Work to be completed:
Once the line with "Ремінець для Apple" is found in the entries below, repeat it and each following line exactly, up to and including the line with "Галстук Snoopy PND48166". Add no other lines.

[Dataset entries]
:::::

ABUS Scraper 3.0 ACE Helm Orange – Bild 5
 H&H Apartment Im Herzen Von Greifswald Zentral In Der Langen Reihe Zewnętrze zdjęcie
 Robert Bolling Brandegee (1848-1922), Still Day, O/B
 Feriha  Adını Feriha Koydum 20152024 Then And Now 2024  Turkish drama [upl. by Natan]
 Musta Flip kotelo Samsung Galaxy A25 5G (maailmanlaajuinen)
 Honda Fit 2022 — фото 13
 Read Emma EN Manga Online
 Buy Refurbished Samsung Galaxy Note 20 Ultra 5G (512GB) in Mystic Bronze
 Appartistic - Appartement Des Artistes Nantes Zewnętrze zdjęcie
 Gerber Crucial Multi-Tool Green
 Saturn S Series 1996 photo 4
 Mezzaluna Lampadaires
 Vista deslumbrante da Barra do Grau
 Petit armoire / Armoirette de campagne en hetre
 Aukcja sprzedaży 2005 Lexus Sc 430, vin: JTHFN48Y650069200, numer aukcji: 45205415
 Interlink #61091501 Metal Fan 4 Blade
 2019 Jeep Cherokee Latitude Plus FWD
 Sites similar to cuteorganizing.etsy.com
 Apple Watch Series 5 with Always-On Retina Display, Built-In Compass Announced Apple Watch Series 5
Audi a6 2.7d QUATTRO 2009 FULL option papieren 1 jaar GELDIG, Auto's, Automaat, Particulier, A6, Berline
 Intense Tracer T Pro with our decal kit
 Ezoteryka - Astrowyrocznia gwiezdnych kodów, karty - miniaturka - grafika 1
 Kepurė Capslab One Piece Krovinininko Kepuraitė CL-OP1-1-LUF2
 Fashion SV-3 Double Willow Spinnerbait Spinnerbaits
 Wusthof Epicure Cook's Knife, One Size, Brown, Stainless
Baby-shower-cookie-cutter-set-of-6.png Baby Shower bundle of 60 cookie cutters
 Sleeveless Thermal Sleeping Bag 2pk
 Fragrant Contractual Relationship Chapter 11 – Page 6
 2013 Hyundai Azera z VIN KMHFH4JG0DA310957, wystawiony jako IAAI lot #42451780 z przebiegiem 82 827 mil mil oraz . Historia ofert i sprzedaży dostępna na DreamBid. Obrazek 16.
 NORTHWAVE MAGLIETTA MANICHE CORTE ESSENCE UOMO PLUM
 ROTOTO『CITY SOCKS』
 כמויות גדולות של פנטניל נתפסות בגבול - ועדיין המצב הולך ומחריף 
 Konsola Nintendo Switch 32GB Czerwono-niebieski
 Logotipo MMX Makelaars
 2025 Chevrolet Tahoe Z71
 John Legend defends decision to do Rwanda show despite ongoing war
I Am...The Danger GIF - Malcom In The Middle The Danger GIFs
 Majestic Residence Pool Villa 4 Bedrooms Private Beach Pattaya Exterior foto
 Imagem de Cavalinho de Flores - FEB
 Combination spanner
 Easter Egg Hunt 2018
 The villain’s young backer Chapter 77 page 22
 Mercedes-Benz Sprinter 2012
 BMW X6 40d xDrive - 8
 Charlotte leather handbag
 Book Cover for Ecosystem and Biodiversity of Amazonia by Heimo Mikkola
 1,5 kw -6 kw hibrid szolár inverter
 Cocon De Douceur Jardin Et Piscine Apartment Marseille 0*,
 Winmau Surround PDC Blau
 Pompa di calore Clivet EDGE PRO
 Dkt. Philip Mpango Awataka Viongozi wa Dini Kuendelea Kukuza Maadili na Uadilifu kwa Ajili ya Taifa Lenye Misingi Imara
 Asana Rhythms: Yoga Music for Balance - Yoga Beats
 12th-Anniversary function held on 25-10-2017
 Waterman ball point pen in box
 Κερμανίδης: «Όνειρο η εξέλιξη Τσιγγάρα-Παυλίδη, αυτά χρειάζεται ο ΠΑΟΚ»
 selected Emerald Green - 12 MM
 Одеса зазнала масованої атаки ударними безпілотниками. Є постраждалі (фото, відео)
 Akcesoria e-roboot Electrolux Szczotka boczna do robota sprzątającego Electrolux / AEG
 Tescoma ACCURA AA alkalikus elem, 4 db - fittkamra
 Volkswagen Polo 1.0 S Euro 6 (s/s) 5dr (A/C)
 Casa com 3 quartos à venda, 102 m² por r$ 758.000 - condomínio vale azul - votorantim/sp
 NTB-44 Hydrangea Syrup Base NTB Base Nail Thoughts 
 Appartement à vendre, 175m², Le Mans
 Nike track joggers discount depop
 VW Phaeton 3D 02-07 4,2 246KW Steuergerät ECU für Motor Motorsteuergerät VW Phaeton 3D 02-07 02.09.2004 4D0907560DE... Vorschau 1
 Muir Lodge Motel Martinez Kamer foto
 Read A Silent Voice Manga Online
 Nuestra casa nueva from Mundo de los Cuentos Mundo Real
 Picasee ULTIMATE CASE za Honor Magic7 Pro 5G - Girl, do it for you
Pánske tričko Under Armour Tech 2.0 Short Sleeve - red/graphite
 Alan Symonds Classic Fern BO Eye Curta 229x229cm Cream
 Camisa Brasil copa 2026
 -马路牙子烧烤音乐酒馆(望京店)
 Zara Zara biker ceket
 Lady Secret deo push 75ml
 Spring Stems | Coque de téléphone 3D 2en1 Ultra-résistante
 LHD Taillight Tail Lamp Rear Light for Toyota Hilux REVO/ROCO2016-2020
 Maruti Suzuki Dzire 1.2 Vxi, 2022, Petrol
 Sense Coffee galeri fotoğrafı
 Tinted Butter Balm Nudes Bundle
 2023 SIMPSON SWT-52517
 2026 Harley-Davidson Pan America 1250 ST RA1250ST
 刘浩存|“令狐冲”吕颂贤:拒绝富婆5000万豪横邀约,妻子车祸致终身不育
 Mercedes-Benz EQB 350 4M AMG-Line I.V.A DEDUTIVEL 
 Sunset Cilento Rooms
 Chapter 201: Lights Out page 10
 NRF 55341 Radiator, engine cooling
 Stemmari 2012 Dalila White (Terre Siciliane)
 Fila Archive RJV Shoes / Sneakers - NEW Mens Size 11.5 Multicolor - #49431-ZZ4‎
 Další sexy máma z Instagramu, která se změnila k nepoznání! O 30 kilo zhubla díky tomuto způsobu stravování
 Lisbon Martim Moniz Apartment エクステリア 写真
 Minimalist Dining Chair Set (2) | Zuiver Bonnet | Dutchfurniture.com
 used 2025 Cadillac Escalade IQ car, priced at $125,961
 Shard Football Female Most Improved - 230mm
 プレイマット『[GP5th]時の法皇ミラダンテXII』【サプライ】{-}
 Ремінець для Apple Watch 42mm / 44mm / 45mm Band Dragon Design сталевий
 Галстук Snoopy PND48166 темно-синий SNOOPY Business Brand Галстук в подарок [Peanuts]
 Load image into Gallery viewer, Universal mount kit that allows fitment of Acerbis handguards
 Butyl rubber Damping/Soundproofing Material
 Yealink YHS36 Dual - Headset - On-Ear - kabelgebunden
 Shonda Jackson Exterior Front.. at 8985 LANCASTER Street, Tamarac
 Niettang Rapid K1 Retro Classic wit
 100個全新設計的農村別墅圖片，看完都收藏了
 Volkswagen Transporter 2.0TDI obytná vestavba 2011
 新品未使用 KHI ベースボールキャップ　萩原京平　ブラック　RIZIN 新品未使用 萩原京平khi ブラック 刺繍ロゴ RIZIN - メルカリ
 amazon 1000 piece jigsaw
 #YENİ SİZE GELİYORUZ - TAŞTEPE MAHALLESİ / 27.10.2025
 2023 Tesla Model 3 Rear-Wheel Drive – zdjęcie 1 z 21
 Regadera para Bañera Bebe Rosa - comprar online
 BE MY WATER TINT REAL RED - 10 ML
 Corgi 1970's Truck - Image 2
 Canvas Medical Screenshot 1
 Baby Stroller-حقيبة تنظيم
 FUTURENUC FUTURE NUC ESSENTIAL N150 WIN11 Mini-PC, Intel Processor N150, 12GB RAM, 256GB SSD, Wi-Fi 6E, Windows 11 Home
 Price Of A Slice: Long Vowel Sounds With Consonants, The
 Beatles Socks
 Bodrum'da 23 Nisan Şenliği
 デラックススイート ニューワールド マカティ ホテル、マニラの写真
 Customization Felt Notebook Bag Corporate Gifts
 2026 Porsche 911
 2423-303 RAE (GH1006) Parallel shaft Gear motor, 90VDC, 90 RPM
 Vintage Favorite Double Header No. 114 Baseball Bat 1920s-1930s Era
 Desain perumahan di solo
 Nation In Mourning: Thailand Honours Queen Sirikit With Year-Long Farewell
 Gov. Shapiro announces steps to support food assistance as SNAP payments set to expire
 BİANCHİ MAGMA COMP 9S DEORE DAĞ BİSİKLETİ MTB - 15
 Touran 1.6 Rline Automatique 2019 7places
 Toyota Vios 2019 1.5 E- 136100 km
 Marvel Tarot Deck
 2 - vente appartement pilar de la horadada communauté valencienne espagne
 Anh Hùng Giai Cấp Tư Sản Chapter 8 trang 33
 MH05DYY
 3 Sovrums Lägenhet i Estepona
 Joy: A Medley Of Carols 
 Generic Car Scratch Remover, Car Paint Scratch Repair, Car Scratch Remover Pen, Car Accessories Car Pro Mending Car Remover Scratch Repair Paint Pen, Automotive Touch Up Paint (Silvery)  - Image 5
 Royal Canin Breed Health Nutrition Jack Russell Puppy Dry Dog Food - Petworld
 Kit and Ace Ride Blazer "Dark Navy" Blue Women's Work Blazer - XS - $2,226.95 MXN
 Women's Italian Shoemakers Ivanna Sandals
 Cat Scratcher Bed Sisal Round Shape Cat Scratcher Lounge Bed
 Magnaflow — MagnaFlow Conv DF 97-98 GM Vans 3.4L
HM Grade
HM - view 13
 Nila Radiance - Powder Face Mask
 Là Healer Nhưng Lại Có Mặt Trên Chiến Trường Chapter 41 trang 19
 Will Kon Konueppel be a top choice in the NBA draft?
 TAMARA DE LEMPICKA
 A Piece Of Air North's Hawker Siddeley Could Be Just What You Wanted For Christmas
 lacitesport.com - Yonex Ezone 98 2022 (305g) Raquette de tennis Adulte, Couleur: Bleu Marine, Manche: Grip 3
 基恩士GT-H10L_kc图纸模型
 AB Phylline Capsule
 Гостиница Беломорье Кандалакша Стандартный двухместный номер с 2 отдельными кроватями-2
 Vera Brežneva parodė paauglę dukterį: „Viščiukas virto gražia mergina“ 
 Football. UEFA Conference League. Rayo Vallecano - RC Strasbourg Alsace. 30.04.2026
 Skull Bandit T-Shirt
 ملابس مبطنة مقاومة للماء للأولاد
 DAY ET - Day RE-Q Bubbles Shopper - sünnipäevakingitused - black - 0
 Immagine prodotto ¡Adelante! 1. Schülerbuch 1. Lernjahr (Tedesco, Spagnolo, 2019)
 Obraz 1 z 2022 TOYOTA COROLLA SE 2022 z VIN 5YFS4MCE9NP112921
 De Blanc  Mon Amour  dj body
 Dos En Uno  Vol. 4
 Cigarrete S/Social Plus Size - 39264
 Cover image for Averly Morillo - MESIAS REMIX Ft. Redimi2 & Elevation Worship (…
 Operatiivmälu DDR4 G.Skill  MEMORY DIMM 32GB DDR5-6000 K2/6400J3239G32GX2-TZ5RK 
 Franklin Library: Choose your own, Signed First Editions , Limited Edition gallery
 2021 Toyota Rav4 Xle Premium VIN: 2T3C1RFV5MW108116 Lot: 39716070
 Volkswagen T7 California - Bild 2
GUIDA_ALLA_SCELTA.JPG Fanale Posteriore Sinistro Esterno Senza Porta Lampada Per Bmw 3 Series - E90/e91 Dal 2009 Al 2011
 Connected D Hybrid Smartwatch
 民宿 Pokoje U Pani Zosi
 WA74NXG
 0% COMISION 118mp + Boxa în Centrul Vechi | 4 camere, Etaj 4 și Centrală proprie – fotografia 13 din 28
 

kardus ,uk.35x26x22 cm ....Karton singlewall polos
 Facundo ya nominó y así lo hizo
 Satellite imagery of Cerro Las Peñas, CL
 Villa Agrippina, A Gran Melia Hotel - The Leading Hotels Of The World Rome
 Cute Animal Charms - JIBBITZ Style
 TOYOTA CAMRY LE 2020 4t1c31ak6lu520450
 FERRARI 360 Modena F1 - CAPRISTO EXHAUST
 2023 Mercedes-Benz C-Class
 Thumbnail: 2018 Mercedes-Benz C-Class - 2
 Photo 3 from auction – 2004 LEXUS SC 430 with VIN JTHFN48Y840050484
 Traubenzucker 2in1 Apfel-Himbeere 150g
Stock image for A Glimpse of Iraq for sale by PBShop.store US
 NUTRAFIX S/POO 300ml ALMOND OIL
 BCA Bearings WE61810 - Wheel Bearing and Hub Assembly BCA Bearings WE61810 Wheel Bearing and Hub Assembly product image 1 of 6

:::::

Answer to this exercise:
 Ремінець для Apple Watch 42mm / 44mm / 45mm Band Dragon Design сталевий
 Галстук Snoopy PND48166 темно-синий SNOOPY Business Brand Галстук в подарок [Peanuts]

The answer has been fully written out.